The architect, as the representative of an art discipline mediating between function and creativity, saw himself around 1900 as the guarantor for this visual reform of people’s everyday lives. Loos, however, saw the reform endangered by a purely superficial aesthetic approach and fought for his principal idea of a cultural re-proselytisation, which would make Austria a part of western culture once more. He assigned this role in 1898 to the profession of the architect: “He doesn’t have to know the cultural needs of his time precisely, but he has to stand at the vanguard of this culture.” His rejection of Hoffmann-type creativity has to be understood with this in mind: “In order to find the style of our time, we have to be modern people. But people who seek to change the things that are already in the style of our time or wish to replace them with other forms – I’m only referring to cutlery – show that they don’t recognise the style of our time. They will seek it in vain.” And further: “For me, tradition is everything; giving a free rein to the imagination only comes second for me.” The definition of this idea of tradition to which Hoffmann – just like Loos – committed himself on founding the Wiener Werkstätte clarifies the difference between the two positions. While Loos propagated the traditional separation of art and handicraft as one of his key statements, Hoffmann saw the link-up with a lost standard of quality guaranteed in the revival of the handicraft tradition, led by the artist or architect.

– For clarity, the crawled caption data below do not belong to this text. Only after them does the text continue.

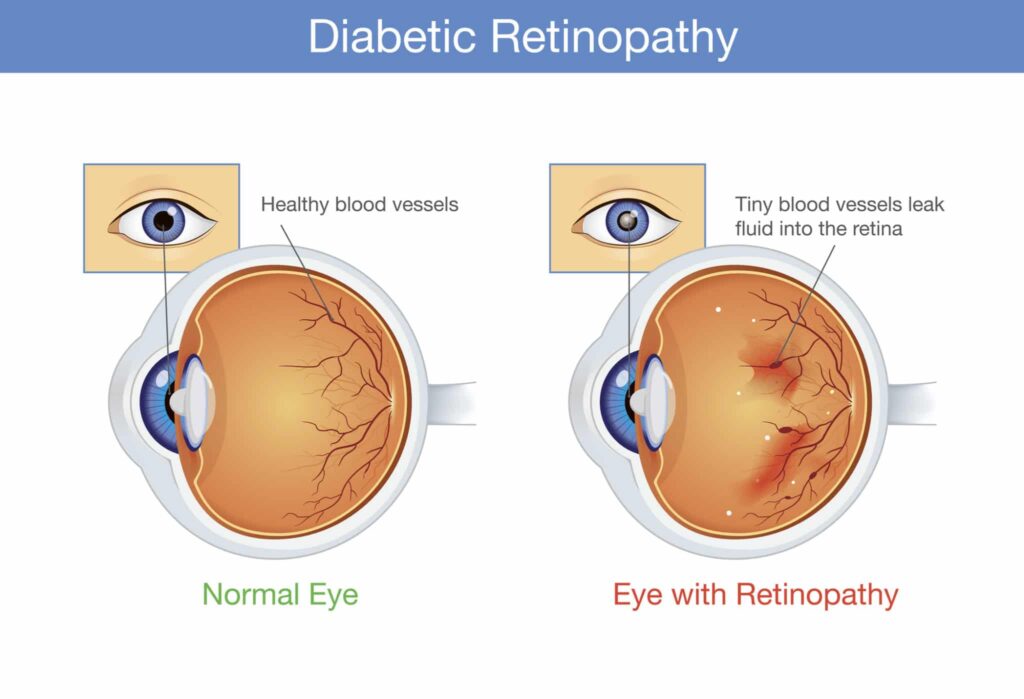 diabetes related eye problem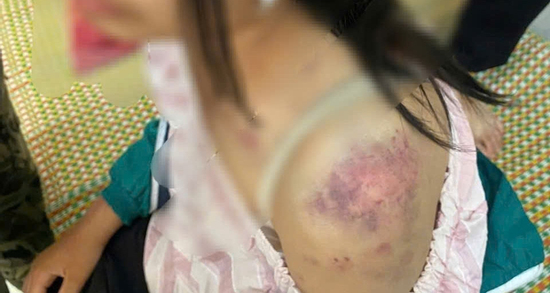 Sức khỏe bé gái bị bà nội và 2 người đàn ông bạo hành đến bầm tím khắp cơ thể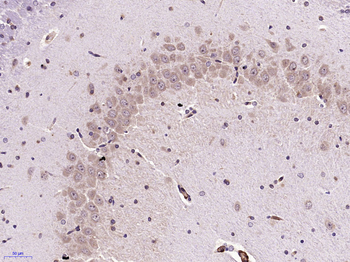 Serotonin transporter Rabbit Polyclonal Antibody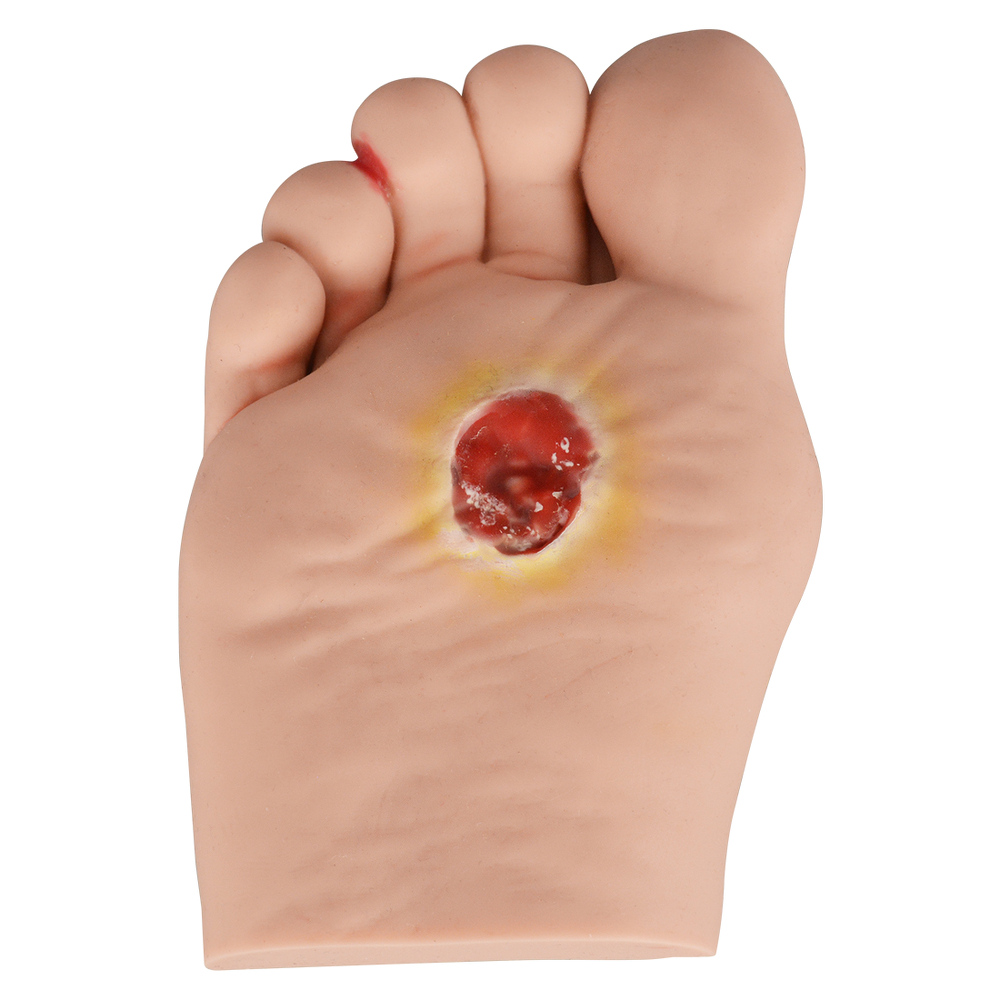 diabetic foot ulcer stage 2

No example within the decorative arts is better qualified to illustrate these ideas on the theory of design than the cutlery designed by Hoffmann in 1912 and executed by the Wiener Werkstätte. It was made during the time of the first, major economic problems for the Wiener Werkstätte and strikingly manifests the inadequacies of fin-de-siècle Viennese aestheticism in terms of realpolitik. The reform movement surrounding the young Josef Hoffmann was initially oriented on idealistic, democratically motivated ideas, but very soon backlashed into a movement motivated by artistic self-fulfilment. This meant concentration on the production of luxury goods of the highest artistic and handcrafted quality, and the exclusive concentration and reliance on wealthy patrons – a situation that deprived the Wiener Werkstätte firstly of the broad-based effect of social reform it initially aspired to and secondly the required realistic base for the economic enactment of its concept.

The extremely luxurious execution of this silvery cutlery with malachite cabochons seems to be one reason that the Wiener Werkstätte produced only fish knife and fork, fruit knife and fork, and a fish–serving set of knife and fork from this cutlery model (S 2569-74). Certainly conceived originally as a complete cutlery service, in January 1912 the Wiener Werkstätte produced no more than 24 fish knives and forks at a selling price of 20 crowns each, then in February 1912 24 fruit knives and forks at a selling price of 18.50 crowns each, and finally the fish servers. No specifications on a purchaser appear in the Wiener Werkstätte order books, so it seems plausible that Hoffmann primarily planned the realisation of a new design idea and thoughts of selling were only secondary. In design, this model is an extremely more luxurious version of his “round model” of 1907 conceived for the furnishings of the Cabaret Fledermaus. Instead of the plain, smooth surface of the handles there is a grid pattern in relief interrupted by laurel sprays, and in place of the smooth, domed end of the handle a malachite cabochon is fitted.